ESW, Mr. Einhorn said, offered “founder-friendly” terms and, important for him, allowed Synoptos customers to tap into other software products as part of the subscription service. He is now chief executive of LevelFields Inc., a financial-technology startup that hasn’t come to market yet, and says he has no regrets about selling to ESW.
Instead of buying and selling companies the way private-equity firms do, ESW operates the software businesses it buys, increasingly through its Aurea Inc. unit.
Technology created by the small businesses ESW has bought is often collected in a library of software tools for sales and marketing, collaboration and integration, and other business essentials. ESW sells access to the collected offerings under a subscription model.
The deal team works with venture capitalists and sometimes directly with founders who have hung on to equity in their software startups through the rounds of early investments, product creation and customer capture, only to stall when it came time to scale the business.
An early technology pioneer, Mr.
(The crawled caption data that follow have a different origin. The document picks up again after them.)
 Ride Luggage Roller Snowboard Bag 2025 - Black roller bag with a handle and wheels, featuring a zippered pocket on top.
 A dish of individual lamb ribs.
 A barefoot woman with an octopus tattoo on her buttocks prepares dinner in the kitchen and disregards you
Liemandt dropped out of Stanford University to co-found Trilogy, which sold software to large companies. Trilogy boomed in the 1990s, retracted when the technology bubble burst in 2001, and is now part of ESW.
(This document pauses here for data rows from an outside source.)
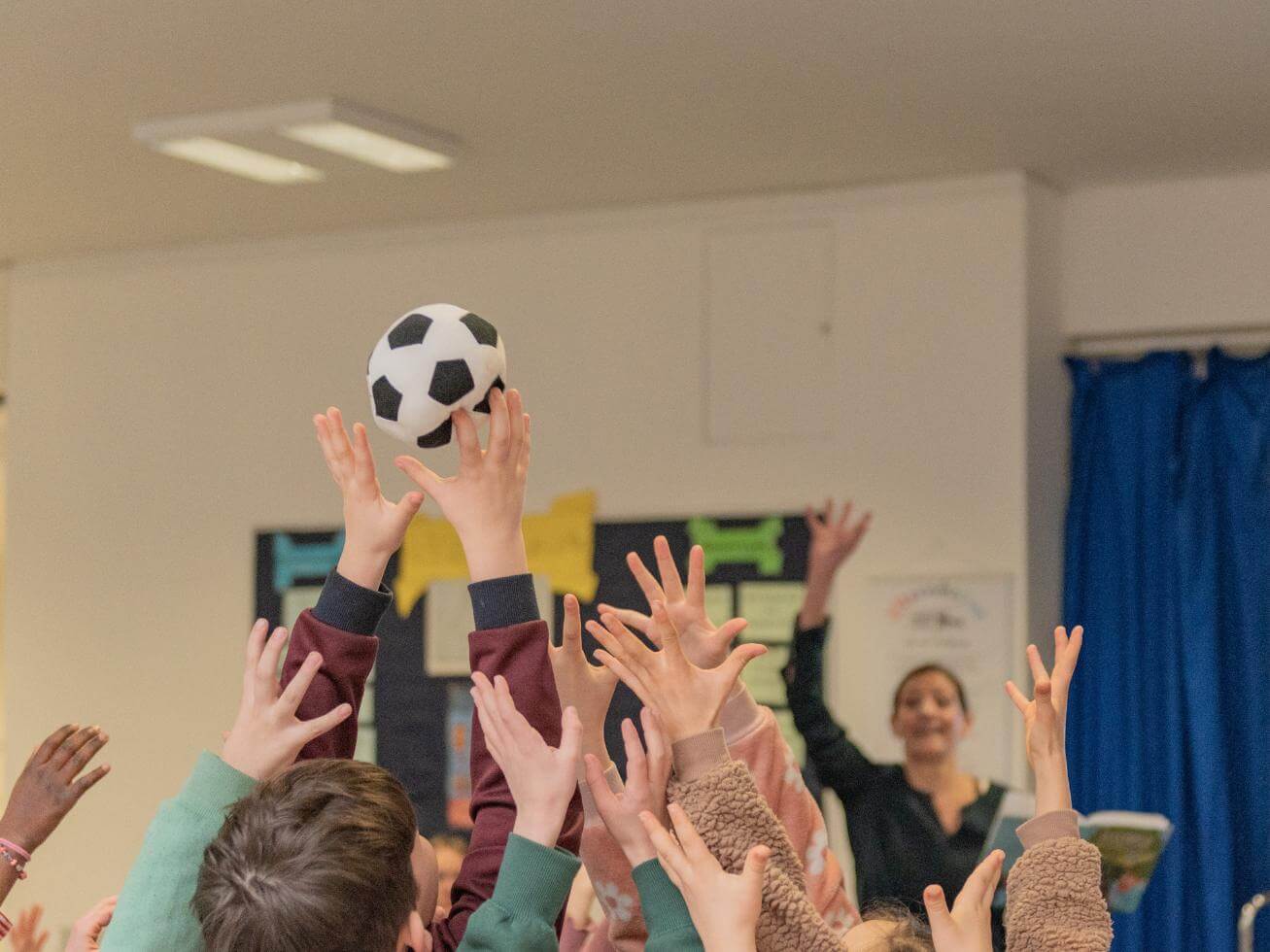 Kinder fangen kleinen Stoff-Fussball, den Alex Wagner geworfen hat
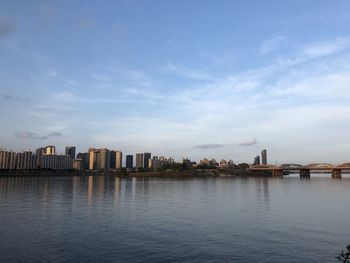 Buildings by river against sky in city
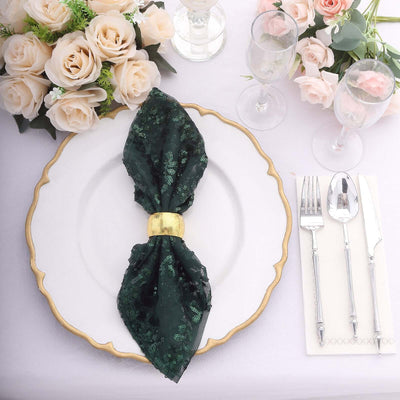 Elegant green napkin on a decorative plate with flowers and cutlery.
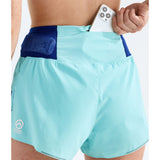 A close-up of a person wearing mint aqua running shorts with a dark blue waistband and a white phone tucked into the side pocket. The brand logo 'Ghost Racing' is visible on the lower left leg. - The North Face Summit Pacesetter Short-Graphic (Women's) - Canal Blue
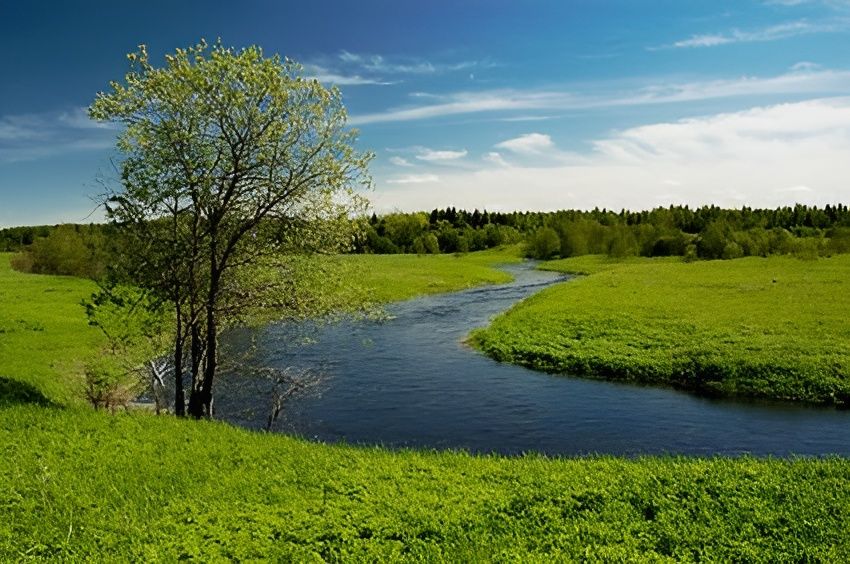 Landschaft mit grünem Tal und geschwungenem Fluss unter blauem Himmel - natürliche Idylle mit ruhiger Atmosphäre und frischem Frühlingsgrün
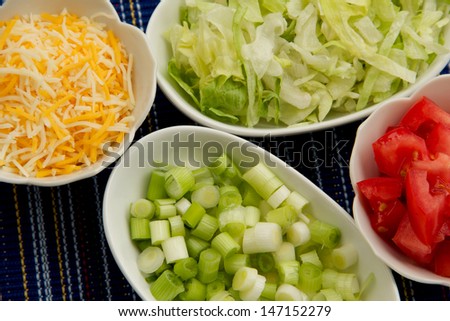 Veggie Dishes Small white bowls filled with cheese, lettuce, tomato, and scallions.  Close-up of the bowls of sliced vegetables and cheese.  The background is dark blue woven material.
Mr. Liemandt couldn’t be reached for comment.
ESW occasionally invests in larger technology companies such as Canada-based Optiva Inc. In other cases, the firm acts as a see-you-in-court patent owner, ready to battle over its rights to valuable technology.
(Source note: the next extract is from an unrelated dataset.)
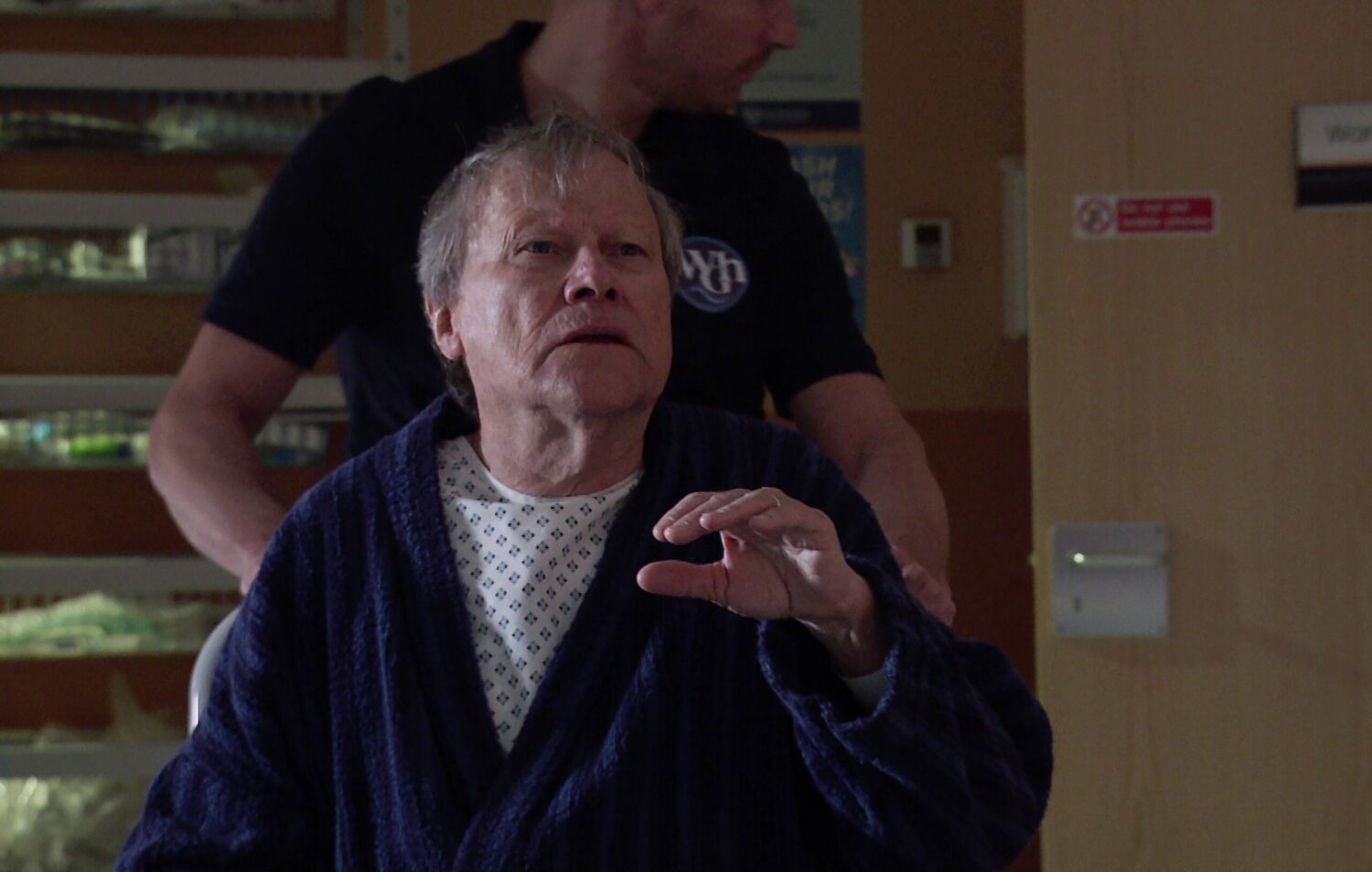 Roy looking scared as he's wheeled away by nurses on Corrie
Besides the field of companies backed by venture capitalists looking to cash out, ESW’s hunting grounds also include smaller, ailing software businesses destined for bankruptcy court. Since 2015, ESW has sealed deals for about 10 bankrupt companies, including at least three in 2020, a Wall Street Journal review of court records found.
Because bankruptcy deals are public, they offer a view of privately held ESW’s distinctive buying style.
ESW doesn’t just buy up bankrupt businesses’ assets, software and patents. It acquires the entire company—including the potential for tax breaks. The big losses that pushed the companies into bankruptcy translate into tax-break opportunities once ESW owns the business and starts generating profits.
Losses usually stack up in technology companies’ early years as they plow millions into product creation. Once a startup starts making money, it can use net operating losses recorded earlier to offset income on tax returns. Bankrupt companies are often sold for parts in chapter 11, their tax breaks wasted. ESW’s deals typically are designed to preserve net operating losses, essentially using the previous CEO’s losses to reduce the next CEO’s taxes.
Take ESW’s recent deal for Security First Corp. The California-based cybersecurity software company filed for bankruptcy in August, having burned through at least $140 million in debt and equity financing since its 2002 founding. In the two years before filing for bankruptcy, Security First had recorded just $92,000 in revenue. It had only three employees and no office. But it did have net operating losses that could eventually translate into more than $150 million in tax breaks. ESW has offered at least $6 million for Security First.
Closing the deal will start the clock running on ESW’s ability to use Security First’s potential tax breaks, which expire over time. It will have to take the company from almost no sales to sizable profits, and while it might never generate enough income to use up the entire $150 million in potential tax breaks, it will be able to avoid paying tax on the profits it does make, at least for a while.
One advantage of running a private empire like Mr. Liemandt’s is that if his strategy succeeds, nobody knows but the Internal Revenue Service. The exception would be if Security First landed back in bankruptcy court, opening its books to inspection. That has hardly ever happened to businesses ESW has acquired, according to a person familiar with the company.